# RECORDS PROVIDED:

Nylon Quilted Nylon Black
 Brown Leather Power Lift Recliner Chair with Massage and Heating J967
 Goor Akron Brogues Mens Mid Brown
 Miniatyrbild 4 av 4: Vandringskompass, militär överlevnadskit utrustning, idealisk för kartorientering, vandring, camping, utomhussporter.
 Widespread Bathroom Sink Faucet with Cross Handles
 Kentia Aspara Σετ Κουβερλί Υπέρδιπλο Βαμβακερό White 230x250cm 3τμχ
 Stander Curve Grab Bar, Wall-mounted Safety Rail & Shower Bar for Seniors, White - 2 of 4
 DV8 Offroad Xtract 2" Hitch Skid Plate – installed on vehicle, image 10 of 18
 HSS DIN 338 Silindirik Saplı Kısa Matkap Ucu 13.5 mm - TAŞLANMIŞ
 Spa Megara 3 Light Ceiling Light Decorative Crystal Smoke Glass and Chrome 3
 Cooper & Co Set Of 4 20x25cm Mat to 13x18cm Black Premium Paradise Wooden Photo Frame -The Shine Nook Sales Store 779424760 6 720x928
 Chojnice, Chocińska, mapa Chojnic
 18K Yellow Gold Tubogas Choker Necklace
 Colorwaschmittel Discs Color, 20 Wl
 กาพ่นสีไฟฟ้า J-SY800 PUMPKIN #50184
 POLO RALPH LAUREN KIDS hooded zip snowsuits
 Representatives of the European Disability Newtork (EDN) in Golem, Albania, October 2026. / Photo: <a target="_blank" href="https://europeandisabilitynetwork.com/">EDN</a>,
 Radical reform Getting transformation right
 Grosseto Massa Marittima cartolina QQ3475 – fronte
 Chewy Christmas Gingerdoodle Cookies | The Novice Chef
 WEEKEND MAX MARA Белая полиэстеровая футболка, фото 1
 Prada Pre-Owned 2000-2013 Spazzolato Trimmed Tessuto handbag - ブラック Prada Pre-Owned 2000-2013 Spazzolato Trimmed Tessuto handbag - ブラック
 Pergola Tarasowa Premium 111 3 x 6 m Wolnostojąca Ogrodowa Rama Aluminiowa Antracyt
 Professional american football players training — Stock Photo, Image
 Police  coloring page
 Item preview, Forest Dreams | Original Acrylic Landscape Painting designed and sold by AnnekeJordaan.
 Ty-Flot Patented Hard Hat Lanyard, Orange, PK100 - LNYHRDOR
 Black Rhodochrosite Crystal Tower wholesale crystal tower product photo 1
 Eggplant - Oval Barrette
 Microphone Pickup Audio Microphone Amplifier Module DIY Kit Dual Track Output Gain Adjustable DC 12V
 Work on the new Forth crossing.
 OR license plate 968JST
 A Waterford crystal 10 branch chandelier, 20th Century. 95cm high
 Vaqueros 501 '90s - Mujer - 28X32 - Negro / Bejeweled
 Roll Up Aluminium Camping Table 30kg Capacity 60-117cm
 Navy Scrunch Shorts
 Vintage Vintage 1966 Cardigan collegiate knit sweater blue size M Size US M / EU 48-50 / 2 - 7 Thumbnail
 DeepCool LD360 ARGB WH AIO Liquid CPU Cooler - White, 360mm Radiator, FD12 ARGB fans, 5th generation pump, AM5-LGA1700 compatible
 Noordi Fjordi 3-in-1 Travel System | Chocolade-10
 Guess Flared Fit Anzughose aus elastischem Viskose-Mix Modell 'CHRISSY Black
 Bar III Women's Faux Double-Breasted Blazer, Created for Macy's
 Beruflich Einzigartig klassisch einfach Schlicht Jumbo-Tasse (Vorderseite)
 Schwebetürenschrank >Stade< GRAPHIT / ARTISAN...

# WORK REQUIRED:
Everything from the line containing "- ブラック Prada" through the line containing "OR license plate 968JST" in the material above should be retyped exactly, both ends included, and nothing more.

# ANSWER SPACE:
 Prada Pre-Owned 2000-2013 Spazzolato Trimmed Tessuto handbag - ブラック Prada Pre-Owned 2000-2013 Spazzolato Trimmed Tessuto handbag - ブラック
 Pergola Tarasowa Premium 111 3 x 6 m Wolnostojąca Ogrodowa Rama Aluminiowa Antracyt
 Professional american football players training — Stock Photo, Image
 Police  coloring page
 Item preview, Forest Dreams | Original Acrylic Landscape Painting designed and sold by AnnekeJordaan.
 Ty-Flot Patented Hard Hat Lanyard, Orange, PK100 - LNYHRDOR
 Black Rhodochrosite Crystal Tower wholesale crystal tower product photo 1
 Eggplant - Oval Barrette
 Microphone Pickup Audio Microphone Amplifier Module DIY Kit Dual Track Output Gain Adjustable DC 12V
 Work on the new Forth crossing.
 OR license plate 968JST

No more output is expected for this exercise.